Collections.sort()

[collin389]

I have a method that sorts a HashMap by value. It works by turning the values into a list, sorting the list and matching each value on the list with they key in the HashMap. Here it is:

Java Code:

public static <E, A> Map<E, A> sortByValue(HashMap<E, A> map)
         {
         Map<E, A> finalMap = new HashMap<E, A>();
        
         List<E> yourMapKeys = new ArrayList<E>(map.keySet());
         List<A> yourMapValues = new ArrayList<A>(map.values());
         List<A> sortedList = new ArrayList<A>(yourMapValues);
         Collections.sort(sortedList);
         int size = sortedList.size();
         for (int i=0; i<size; i++) {
            finalMap.put(yourMapKeys.get(yourMapValues.indexOf(sortedList.get(i))), sortedList.get(i));
            yourMapKeys.remove(yourMapValues.indexOf(sortedList.get(i)));
            yourMapValues.remove(yourMapValues.indexOf(sortedList.get(i)));
            }
         return finalMap;
         }

The problem is that i get a compiler error:
cannot find symbol
symbol : method sort(java.util.List<Integer>)
location: class java.util.Collections
Collections.sort(sortedList);


What is wrong? the API says Collections supports sort(List<T> list) so why the error?

[r035198x]

Are you sure you don't get

Bound mismatch: The generic method sort(List<T>) of type Collections is not applicable for the arguments (List<A>).

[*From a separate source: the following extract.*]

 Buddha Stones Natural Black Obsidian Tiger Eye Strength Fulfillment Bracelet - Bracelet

The inferred type A is not a valid substitute for the bounded parameter <T extends Comparable<? super T>> instead? Because that is what I get which should help you understand why it's not allowed.

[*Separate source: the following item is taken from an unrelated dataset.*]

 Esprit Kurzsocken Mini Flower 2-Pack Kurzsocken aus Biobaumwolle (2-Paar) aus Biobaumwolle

P.S Why not use a TreeMap?

[collin389]

Because I thought a TreeMap sorted by key. Anyway, when I make a List<Integer> and sort it it works. If I know that the values will always be integers is there a way to make it so A = Integer and E is dynamic?

[r035198x]

Better read the reply I posted again. T is clearly described as

"T extends Comparable<? super T>".

Otherwise, how is the method going to be able to sort objects which cannot be compared?

[collin389]

Integers can be compared...

[r035198x]

Integers can be compared...

But your list is a List<A>. The compiler can't verify that all As passed to the method are going to be comparable. Remember the check is happening at compile time not at run time. For the method to always work correctly, make your A according to the required specification. i.e make your method signature as

Java Code:

public static <E, A extends Comparable<? super A>> Map<E, A> sortByValue(HashMap<E, A> map) {

That way, the method guards against wrong types because no one can call it passing a non-comparable A.

[collin389]

Thanks very much. Also, I meant how could i make the value of the map an Integer (so it would be comparable, plus thats all I need) but the key could be anything <A>

[r035198x]

Sorting the values does seem a bit odd to me. Are you sure your design is correct (i.e should you perhaps use your keys as values and vice versa instead?).

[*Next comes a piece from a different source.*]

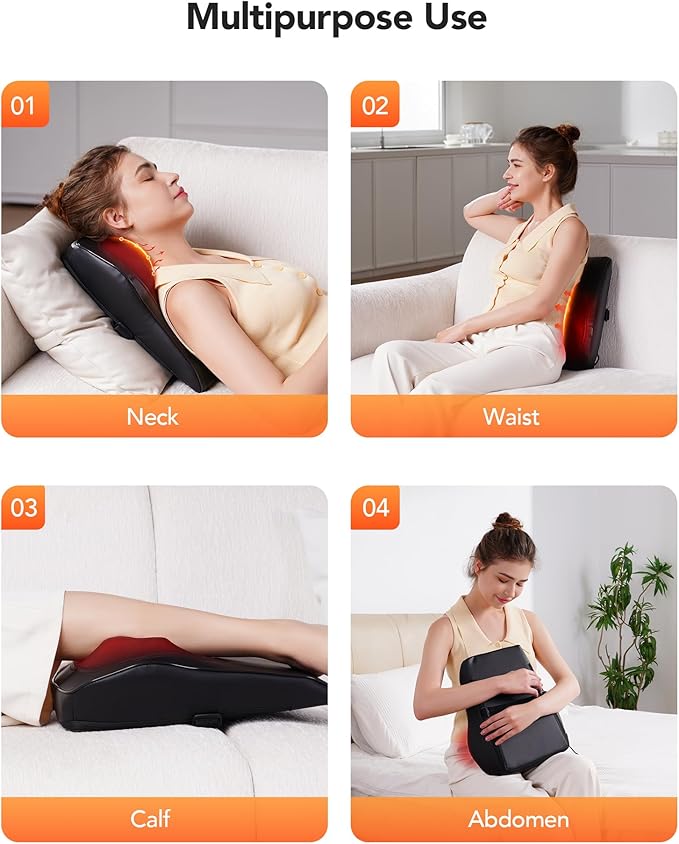 Back Massager with Heat, Neck Massager for Pain Relief Deep Tissue 3D Shiatsu Kneading Electric Massage Pillow for Whole Body Relaxation, Home, Car, Office Use, Gifts for Mom, Dad, Women, Men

What's the point of sorting the values in a mapping when you can only get the values through the keys?

[collin389]

I want to sort the Integers, but they can be repeating and map doesn't support repeating keys.

[r035198x]

Like I said, I don't really see the reason why you are sorting the values. Maybe I'm not understanding your reasons. Good luck with the rest of it.

[collin389]

Well.... Quote from Sun:"This class makes no guarantees as to the order of the map; in particular, it does not guarantee that the order will remain constant over time."
lol figured that out the hard way.
Oh well, I decided I just needed the keys so I turned those into and array and returned that(for a different function that this whole sort thing is for the example method is pretty useless).

[r035198x]

... and if you want the keys to be always sorted then use the TreeMap.